HOME DEPOT INC
10-Q, EX-3.1, 2000-08-24
LUMBER & OTHER BUILDING MATERIALS DEALERS
Previous: HOME DEPOT INC, 10-Q, 2000-08-24
Next: HOME DEPOT INC, 10-Q, EX-11.1, 2000-08-24

QuickLinks -- Click here to rapidly navigate through this document

Exhibit 3.1


AMENDED AND RESTATED CERTIFICATE OF INCORPORATION
OF
THE HOME DEPOT, INC.

    The Home Depot, Inc., a corporation organized and existing under the laws of the State of Delaware (the "Corporation"), hereby certifies as follows:

1.
That the name under which the Corporation was originally incorporated is M.B. Associates Incorporated. The date of filing of its original Certificate of Incorporation with the Secretary of State was June 29, 1978.

2.
That at a meeting of the Board of Directors of the Corporation, resolutions were duly adopted setting forth proposed amendments to the Certificate of Incorporation of the Corporation, declaring said amendments to be advisable and directing that such amendments be considered at the next Annual Meeting of Stockholders of the Corporation.

3.
That thereafter, pursuant to a resolution of the Board of Directors and upon notice in accordance with Section 222 of the General Corporation Law of the State of Delaware, the Annual Meeting of Stockholders was duly called and held, at which meeting the necessary number of shares as required by statute were voted in favor of the amendments.

4.
That this Restated Certificate of Incorporation, duly adopted in accordance with Section 245 of the General Corporation Law of the State of Delaware, integrates those amendments to the Certificate of Incorporation which were duly adopted in accordance with Section 242 of the General Corporation Law of the State of Delaware and is hereby amended and restated to read as follows:


    FIRST: The name of the corporation (which is herein referred to as the "Corporation") is The Home Depot, Inc.
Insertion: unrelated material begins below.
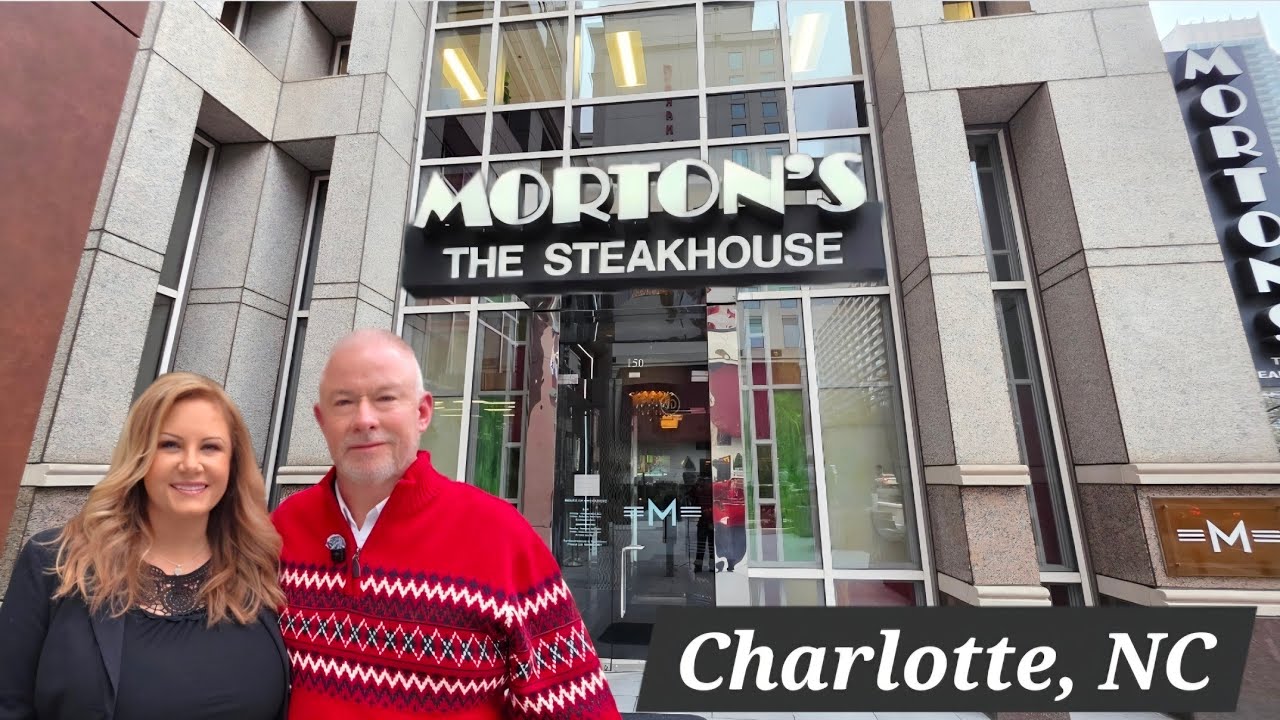 MORTON'S - The Steakhouse - Charlotte, NC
    SECOND: The address of the Corporation's registered office in the State of Delaware is 1209 Orange Street, in the City of Wilmington, in the County of New Castle. The name of its registered agent at that address is The Corporation Trust Company.
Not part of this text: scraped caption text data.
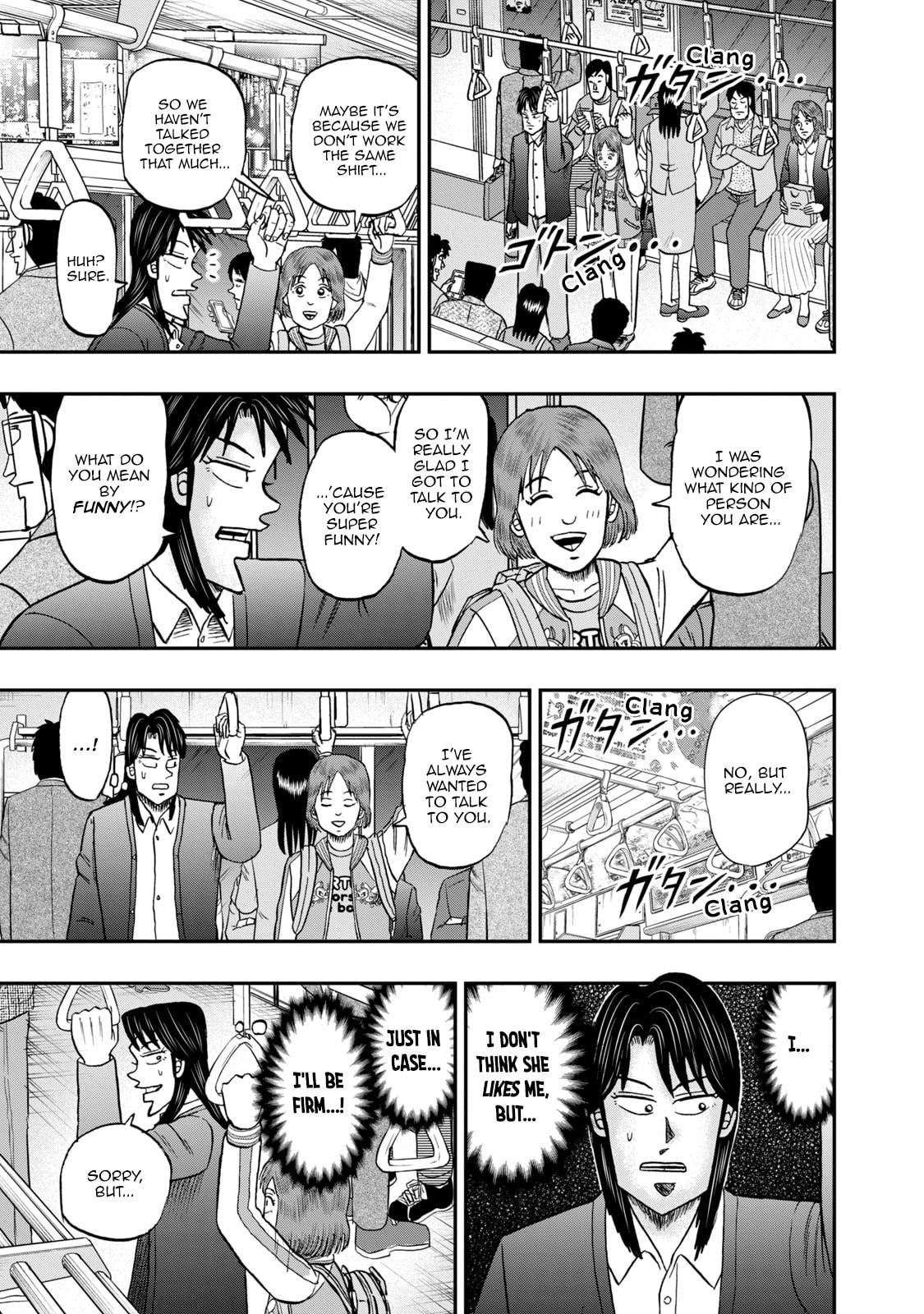 Joukyou Seikatsu-roku Ichijou Chapter 32 page 18 - 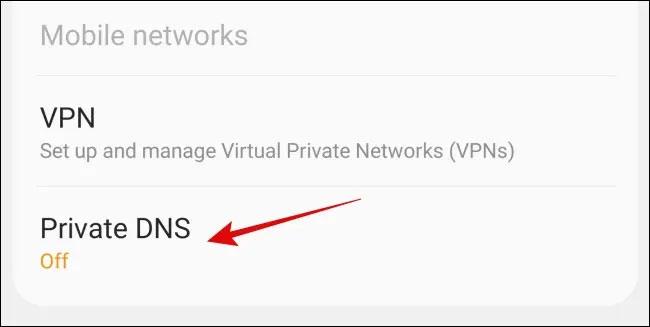 Sådan aktiverer du privat DNS-sikkerhed på Android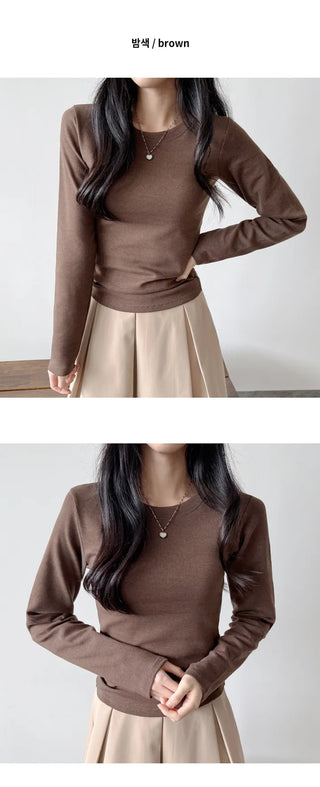 Basic Long Sleeve Tee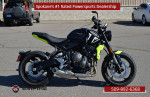 2024 Triumph Trident 660 Jet Black/Triumph Racing Yellow Triumph Tride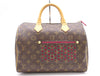 LOUIS VUITTON M95180 Speedy 30 Fuchsia Handbag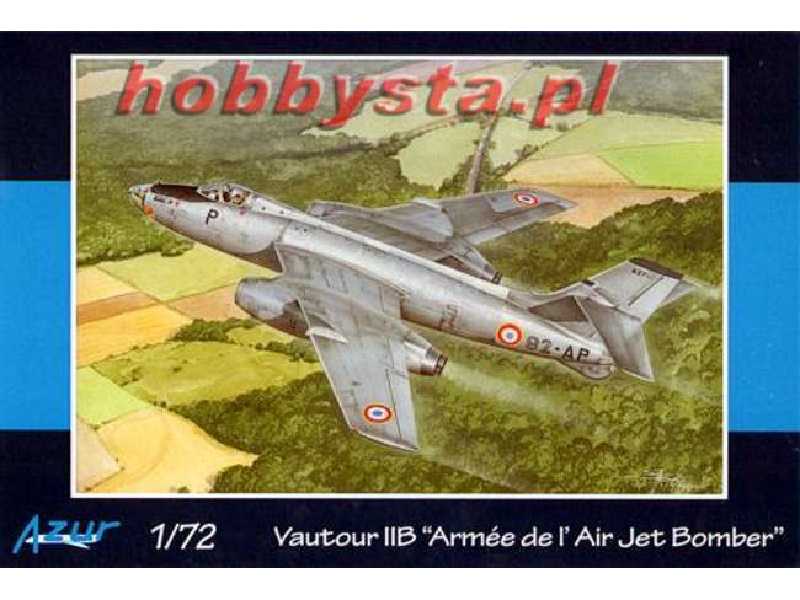 Vautour IIB Armee de l'Air Jet Bomber - image 1 Vautour IIB Armee de l'Air Jet Bomber - image 1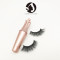 siberian mink 3d lashes wholesale wispy false eyelashes applicator
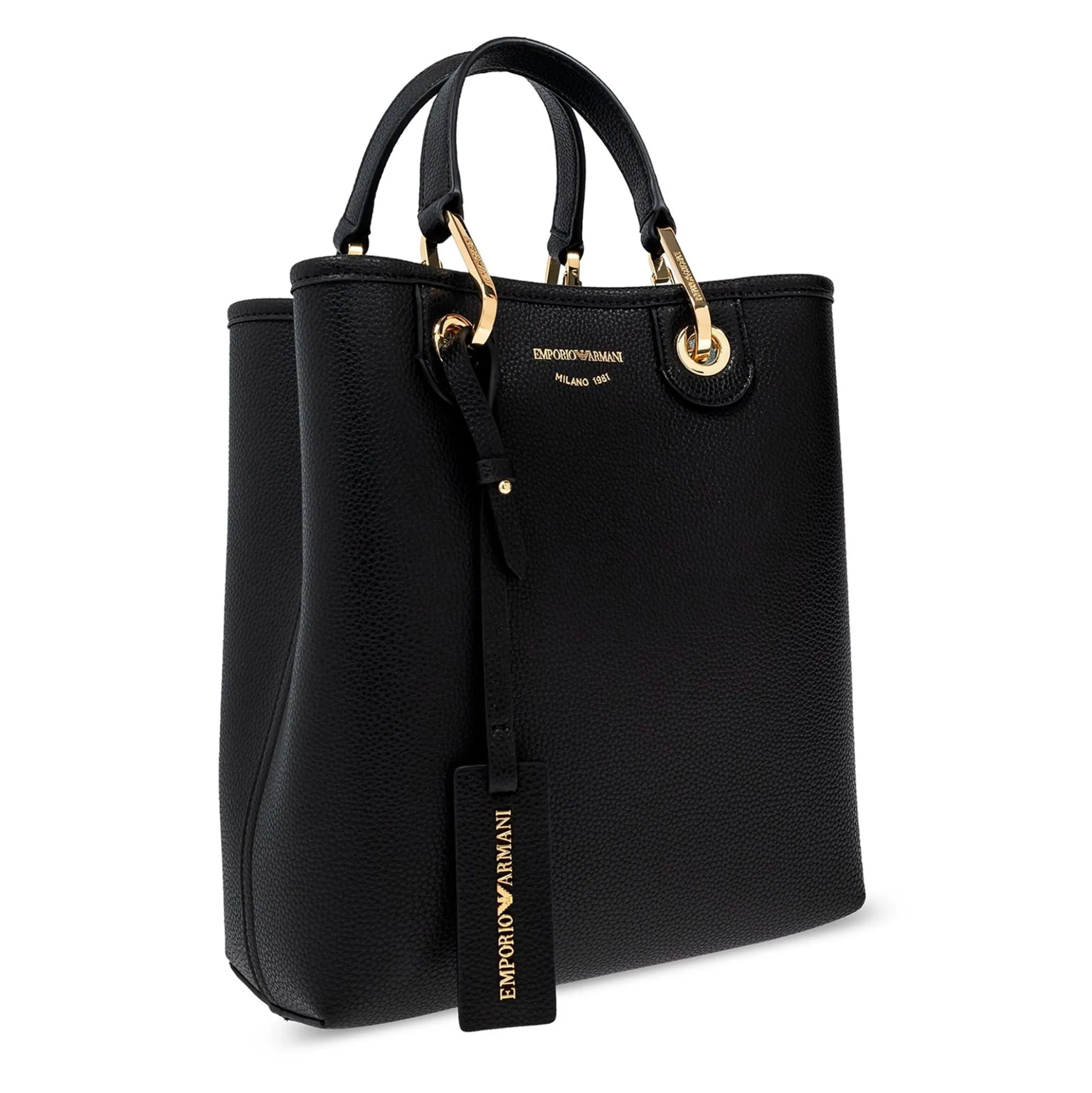 EMPORIO ARMANI Bolsos EW000362 MC032 NERO/SILV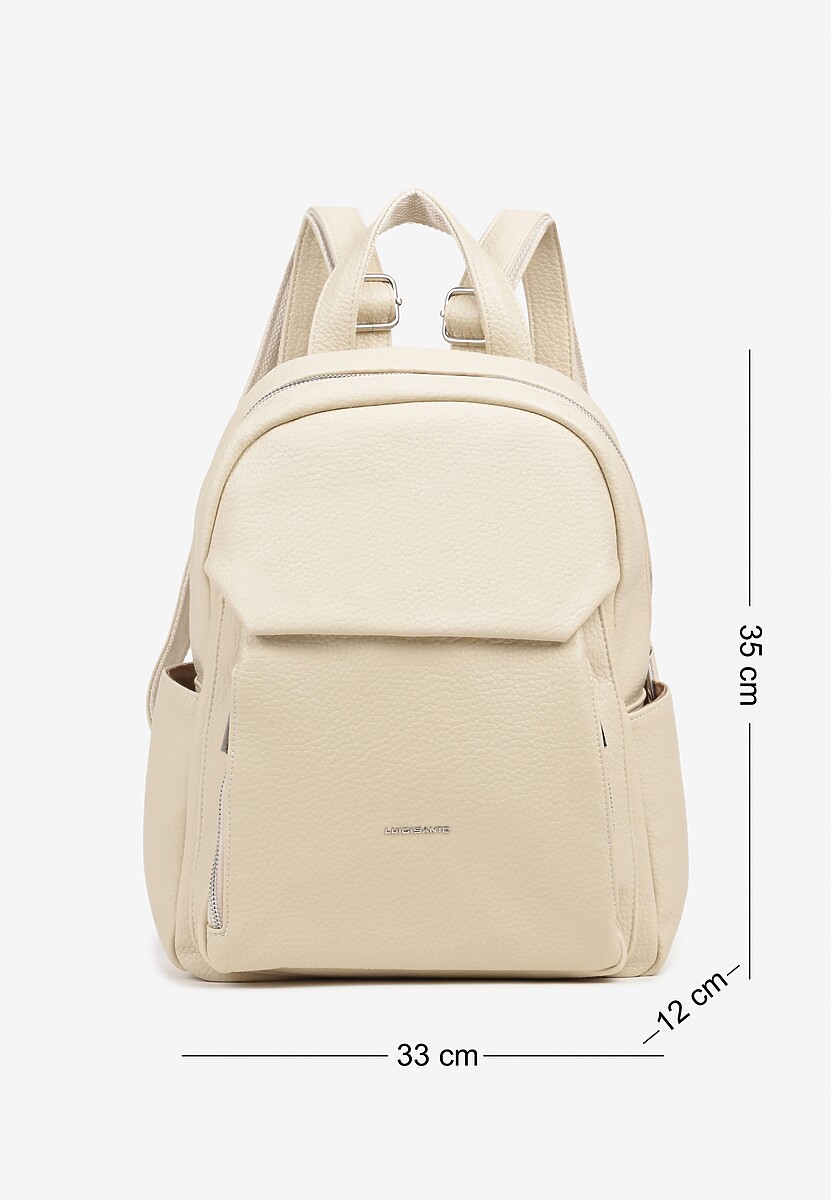 Złoty Plecak Ozdobiony Napisem Nillamea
    THIRD: The purpose of the Corporation is to engage in any lawful act or activity for which a corporation may be organized under the General Corporation Law of the State of Delaware.

    Without limiting in any manner the scope and generality of the foregoing, it is hereby provided that the Corporation shall have the following purposes, objects and powers:

    To manufacture, purchase or otherwise acquire, invest in, own, pledge, sell, assign and transfer or otherwise dispose of, trade, deal in and deal with, any and all goods, wares, merchandise and personal property relating to home improvement services, materials, products, devices, manuals, audio-visual aids, tools and any and all products related thereto of every kind and description.

    To do all and everything necessary, suitable and proper for the accomplishment of any of the purposes or the attainment of any of the objects or the furtherance of any of the powers herein before set forth, either alone or in association with other corporations, firms or individuals, and to do every other act or acts, thing or things incidental to or growing out of or connected with the aforesaid powers or any part or parts thereof, including, without limitation, the acquisition and operation of businesses exclusively or partially engaged in providing home improvement services, materials, products, devices, manuals, audio-visual aids, tools, and related products or services to consumers.

1


    The business or purpose of the Corporation is from time to time to do any one or more of the acts and things herein before set forth, and it shall have power to conduct and carry on said business, or any part thereof, and to have one or more offices, and to exercise any or all of its corporate powers and rights, in the State of Delaware, and in the various other states, territories, colonies and dependencies of the United States, in the District of Columbia, and in all or any foreign countries.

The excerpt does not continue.